The merged company’s headquarters will remain in Jacksonville operating under the Regency name and Regency Chairman and CEO Hap Stein will remain in those roles.

Other top Regency executives also will remain in place, including President and Chief Financial Officer Lisa Palmer.

Equity One Chairman Chaim Katzman will become non-executive vice chairman of Regency.

The merger will be done through an exchange of stock, with current Regency stockholders owning about 62 percent of the combined company.

“Shareholders of both companies are poised to benefit from an expanded presence in top metro areas, a higher organic growth profile, expanded development and redevelopment program, and greater tenant diversity,” Stein said in a news release.

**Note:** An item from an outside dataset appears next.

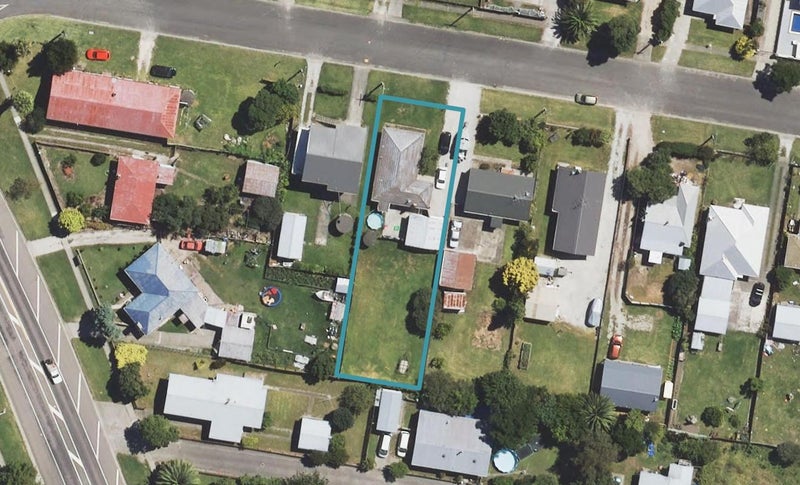 3 Coldstream Road, Kaiti, Gisborne - Carousel 1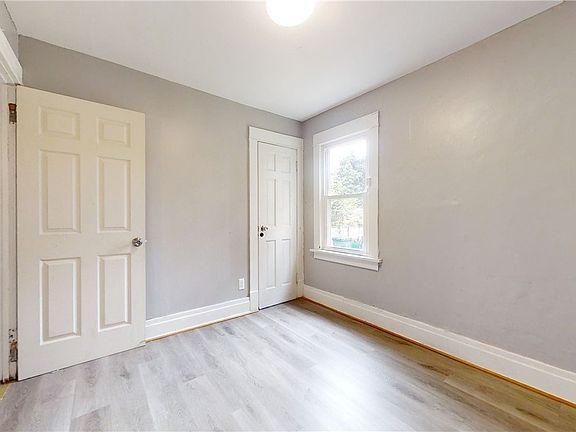 3rd image of 129 Esser Ave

Regency, which traces its roots to a company founded by Stein’s parents more than a half century ago in Jacksonville, operates 307 retail properties across the country, mainly grocery-anchored shopping centers.

New York-based Equity One owns 122 properties, including several in Northeast Florida.

Its two largest area properties are along Florida A1A in Jacksonville Beach: the 313,332-square-foot South Beach Regional center, with anchors including Trader Joe’s and Home Depot, and the 148,673-square-foot Pablo Plaza, which is undergoing a major renovation that will eventually include a Whole Foods store.

“Equity One shareholders are receiving an attractive valuation for the company’s assets, and have the opportunity to participate in the future growth prospects of a powerful new company led by a best-in-class management team,” Equity One CEO David Lukes said in the news release.

The companies did not say if Lukes will have a role in the merged company.

The merger agreement calls for Equity One stockholders to receive 0.45 shares of Regency for every Equity One common share they own.

The companies hope to complete the merger in the first quarter of 2017 or early in the second quarter.